Ein schwieriger Satz – ich weiß – aber was versteht man darunter ? :lol:

Ich will versuchen, es wie immer ganz einfach zu erklären. So, dass ich es selbst auch verstehe! Ich gehe nur kurz auf die Begriffe Materialismus und Idealismus ein. Ich setze sie als bekannt voraus- es ist die Frage, was eher war: Henne oder Ei! Der Idealismus setzt einen Geist (imaginäre Gedanken o. ä.) voraus, der die Materie schafft und verändert, z. B. die göttliche Erschaffung der Welt. Der Materialismus geht von einer materiellen Welt aus, die vorhanden war, und durch den Geist weiterentwickelt ( z. B. Erfindungen) worden ist. Manchmal könnte man meinen, dass beides Berechtigung hat - das ist aber nur eine persönliche Ansicht meinerseits.

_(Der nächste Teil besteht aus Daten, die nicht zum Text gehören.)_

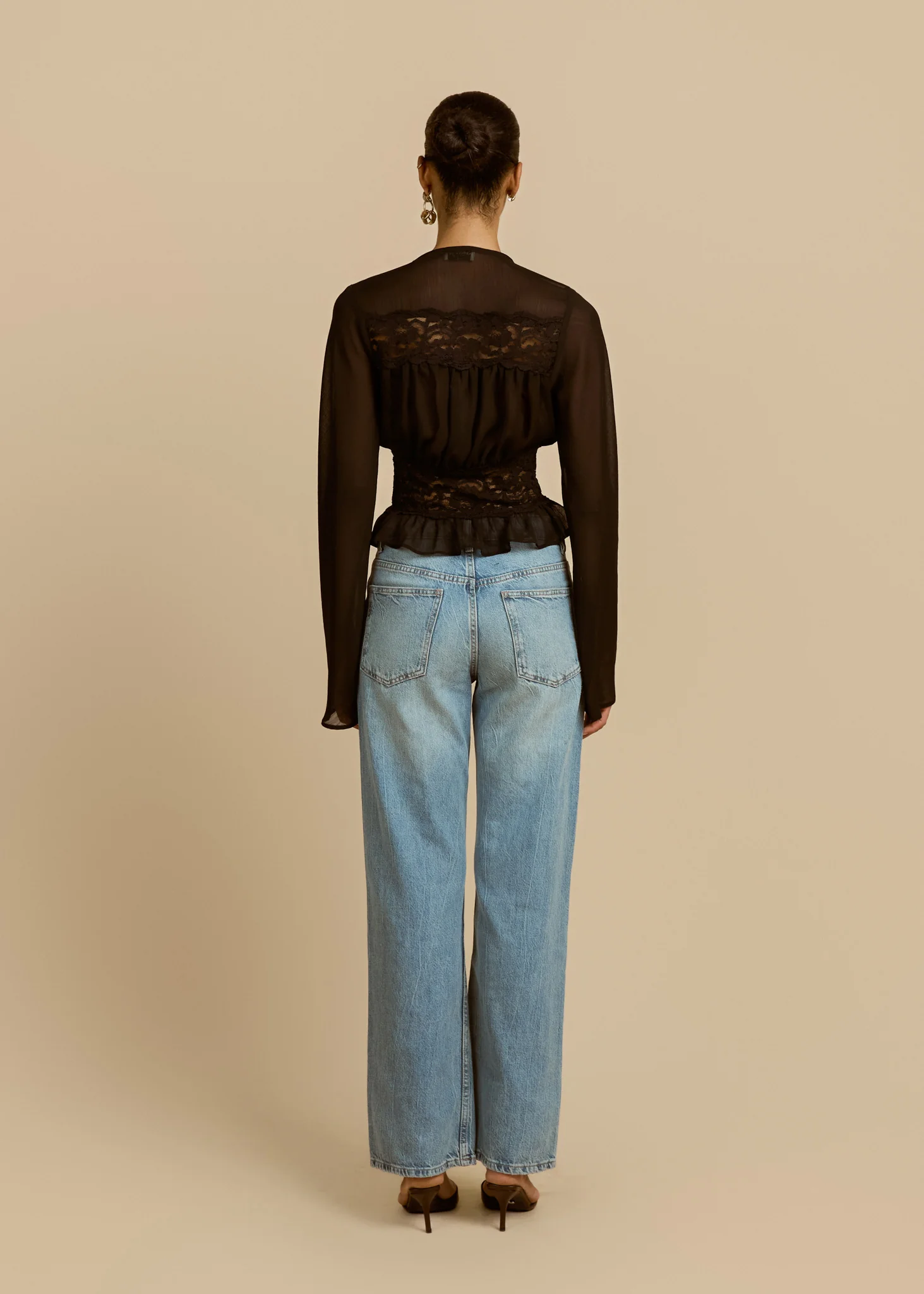 ALESSANDRA TOP BLACK - Image 4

Aus diesem Verständnis heraus entwickelten Philosophen den dialektischen Materialismus. Der besagt, dass sich die Entwicklung der Natur und der Materie durch die Lösung von einander gegenüberstehenden „Konflikten“ in der Struktur zur Aufhebung eines der beiden Kontrahenten und zum Umschlagen in eine neue Qualität führt.- Ach nun ist es doch wieder kompliziert geworden! Nehmen wir ein anschauliches Beispiel:
Man nehme Wasser und Gips. Beide sind gegensätzlich: Wasser ist nass und flüssig, Gips ist trocken und mehlig. Mischt man beides so entsteht nach einiger Zeit eine breiartige Masse, die dann hart wird - eine neue Qualität ist entstanden. (Verzeiht, vielleicht hat jemand ein anschaulicheres Beispiel)

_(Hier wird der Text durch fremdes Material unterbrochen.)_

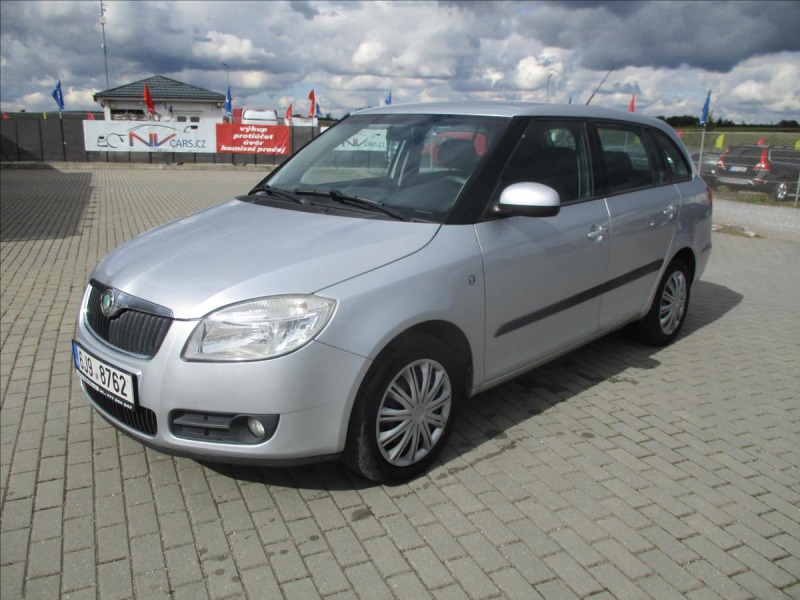 Škoda Fabia 1,2 HTP 51kw Klima Servis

Aus dem dialektischen Materialismus entwickelten vor allem Marx und Engels den historischen Materialismus, wobei die „Mechanik“ des dialektischen Materialismus sinngemäß auf die Gesellschaft übertragen wurde. Hierzu wurde die Gesellschaft zergliedert in Klassen, die sich gegenüberstehen wie Wasser und Gips, Wasser und Feuer usw. usf., in Ausbeuter und Ausgebeutete, Kapitalisten und Proletarier. Beide stehen im Gegensatz zueinander, wobei die ausbeutende Klasse zunächst als Förderer der Produktionsverhältnisse eine revolutionäre Position einnimmt, die aber immer mehr zu Lasten der ausgebeuteten Klasse ausartet und dadurch allmählich den gesellschaftlichen Fortschritt behindert. Die Widersprüche verschärfen sich, die beiden Klassen reiben, bekämpfen sich, bis durch eine Revolution eine neue Gesellschaft entstanden ist (z.B. der Kommunismus, oder der Gips ist hart, oder das Feuer ist aus ;-).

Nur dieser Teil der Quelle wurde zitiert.